● **Problem**:
From the first line of the entries through the line containing "There's moderate atrophy", output everything exactly except the pictures.

● **Recorded information**:
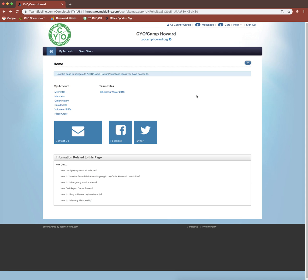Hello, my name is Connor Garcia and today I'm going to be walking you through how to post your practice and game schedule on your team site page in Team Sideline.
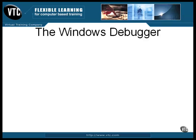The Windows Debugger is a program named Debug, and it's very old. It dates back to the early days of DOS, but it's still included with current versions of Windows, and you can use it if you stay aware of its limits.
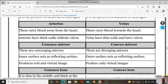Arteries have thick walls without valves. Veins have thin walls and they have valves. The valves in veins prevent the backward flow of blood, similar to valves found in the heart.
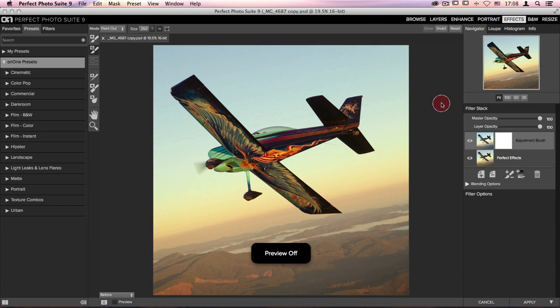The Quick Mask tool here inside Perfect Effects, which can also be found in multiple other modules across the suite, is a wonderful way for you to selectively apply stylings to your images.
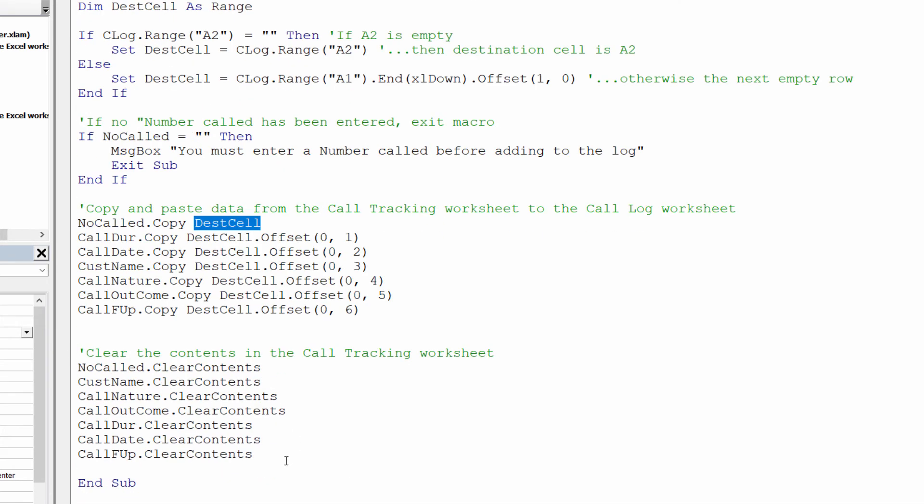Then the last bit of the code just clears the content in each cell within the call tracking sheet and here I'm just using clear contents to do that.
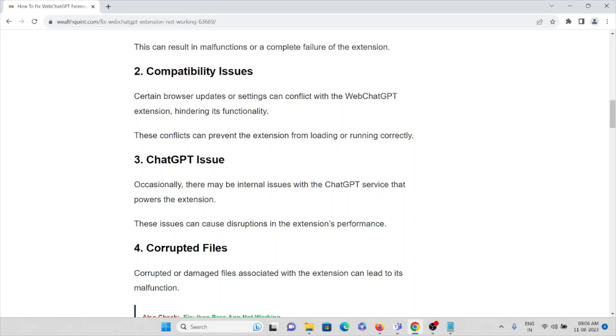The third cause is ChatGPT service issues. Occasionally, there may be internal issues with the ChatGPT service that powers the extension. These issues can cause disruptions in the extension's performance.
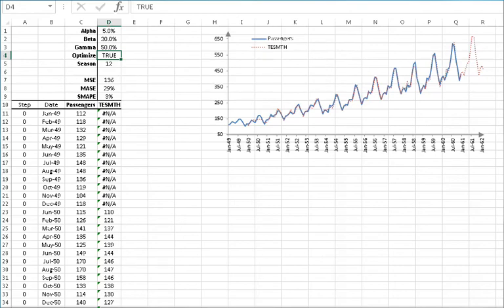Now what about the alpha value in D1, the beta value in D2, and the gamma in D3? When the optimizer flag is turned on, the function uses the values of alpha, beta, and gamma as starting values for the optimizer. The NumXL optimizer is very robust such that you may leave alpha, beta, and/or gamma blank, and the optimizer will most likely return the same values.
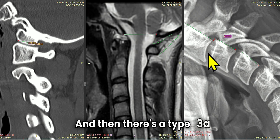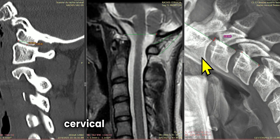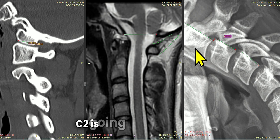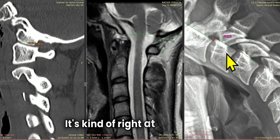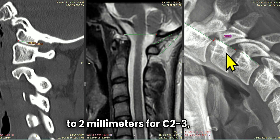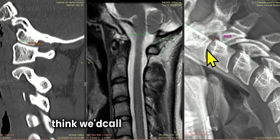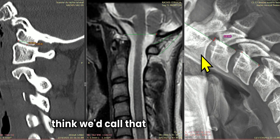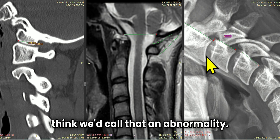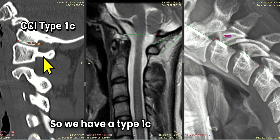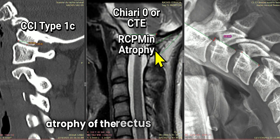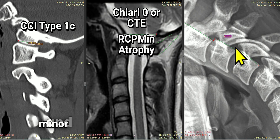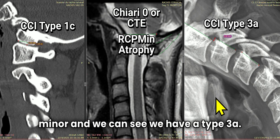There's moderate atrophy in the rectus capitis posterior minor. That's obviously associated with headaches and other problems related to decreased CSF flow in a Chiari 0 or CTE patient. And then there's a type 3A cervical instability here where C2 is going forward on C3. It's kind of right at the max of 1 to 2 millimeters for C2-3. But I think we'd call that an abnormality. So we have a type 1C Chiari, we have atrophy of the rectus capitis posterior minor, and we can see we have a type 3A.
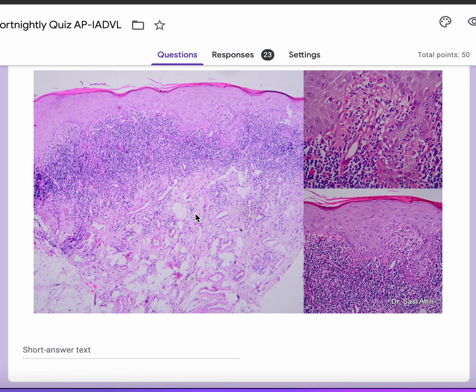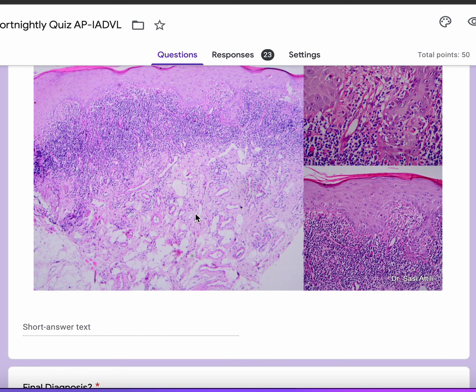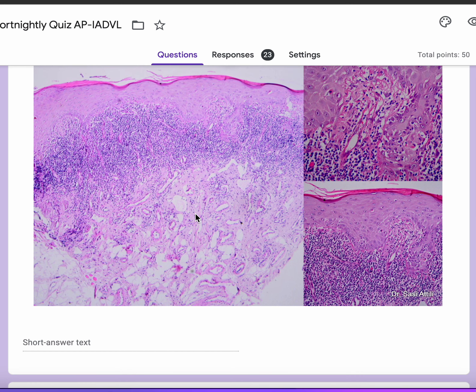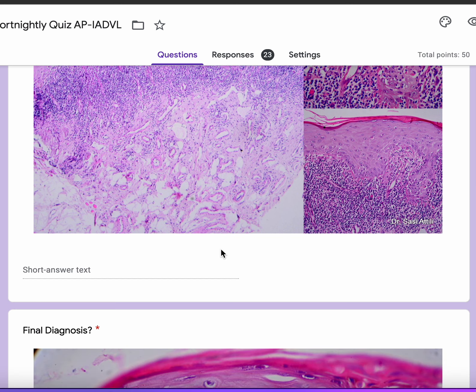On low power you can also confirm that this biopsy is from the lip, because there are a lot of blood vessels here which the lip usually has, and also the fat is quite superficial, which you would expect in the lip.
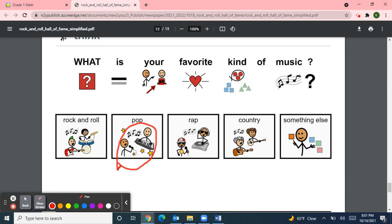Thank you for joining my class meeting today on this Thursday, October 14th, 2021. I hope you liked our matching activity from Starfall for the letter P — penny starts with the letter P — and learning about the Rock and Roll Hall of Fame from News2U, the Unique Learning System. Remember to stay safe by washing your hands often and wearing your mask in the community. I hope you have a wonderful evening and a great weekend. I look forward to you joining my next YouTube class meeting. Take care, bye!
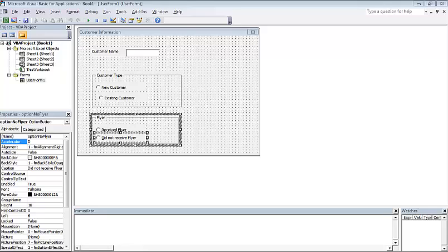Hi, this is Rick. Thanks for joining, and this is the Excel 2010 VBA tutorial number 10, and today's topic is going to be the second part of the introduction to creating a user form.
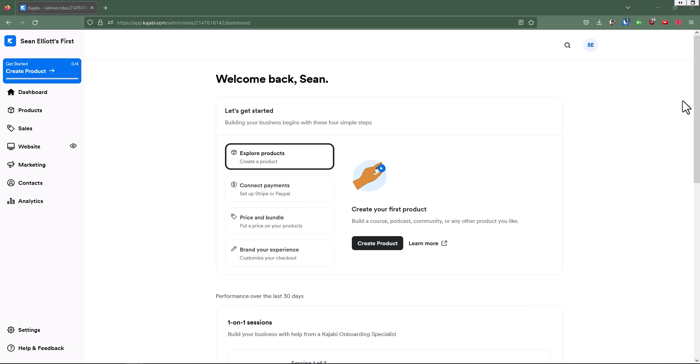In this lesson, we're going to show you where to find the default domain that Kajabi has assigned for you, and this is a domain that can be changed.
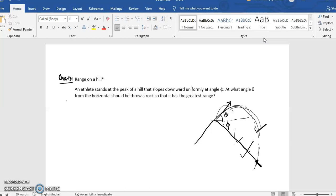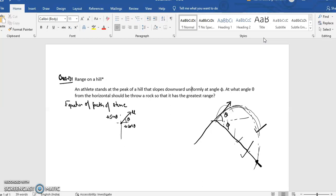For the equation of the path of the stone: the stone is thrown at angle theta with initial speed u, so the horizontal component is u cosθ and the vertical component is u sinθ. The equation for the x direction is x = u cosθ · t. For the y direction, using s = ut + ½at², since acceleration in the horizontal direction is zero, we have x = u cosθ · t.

● **Expected answer**:
Hello, my name is Connor Garcia and today I'm going to be walking you through how to post your practice and game schedule on your team site page in Team Sideline.
The Windows Debugger is a program named Debug, and it's very old. It dates back to the early days of DOS, but it's still included with current versions of Windows, and you can use it if you stay aware of its limits.
Arteries have thick walls without valves. Veins have thin walls and they have valves. The valves in veins prevent the backward flow of blood, similar to valves found in the heart.
The Quick Mask tool here inside Perfect Effects, which can also be found in multiple other modules across the suite, is a wonderful way for you to selectively apply stylings to your images.
Then the last bit of the code just clears the content in each cell within the call tracking sheet and here I'm just using clear contents to do that.
The third cause is ChatGPT service issues. Occasionally, there may be internal issues with the ChatGPT service that powers the extension. These issues can cause disruptions in the extension's performance.
Now what about the alpha value in D1, the beta value in D2, and the gamma in D3? When the optimizer flag is turned on, the function uses the values of alpha, beta, and gamma as starting values for the optimizer. The NumXL optimizer is very robust such that you may leave alpha, beta, and/or gamma blank, and the optimizer will most likely return the same values.
There's moderate atrophy in the rectus capitis posterior minor. That's obviously associated with headaches and other problems related to decreased CSF flow in a Chiari 0 or CTE patient. And then there's a type 3A cervical instability here where C2 is going forward on C3. It's kind of right at the max of 1 to 2 millimeters for C2-3. But I think we'd call that an abnormality. So we have a type 1C Chiari, we have atrophy of the rectus capitis posterior minor, and we can see we have a type 3A.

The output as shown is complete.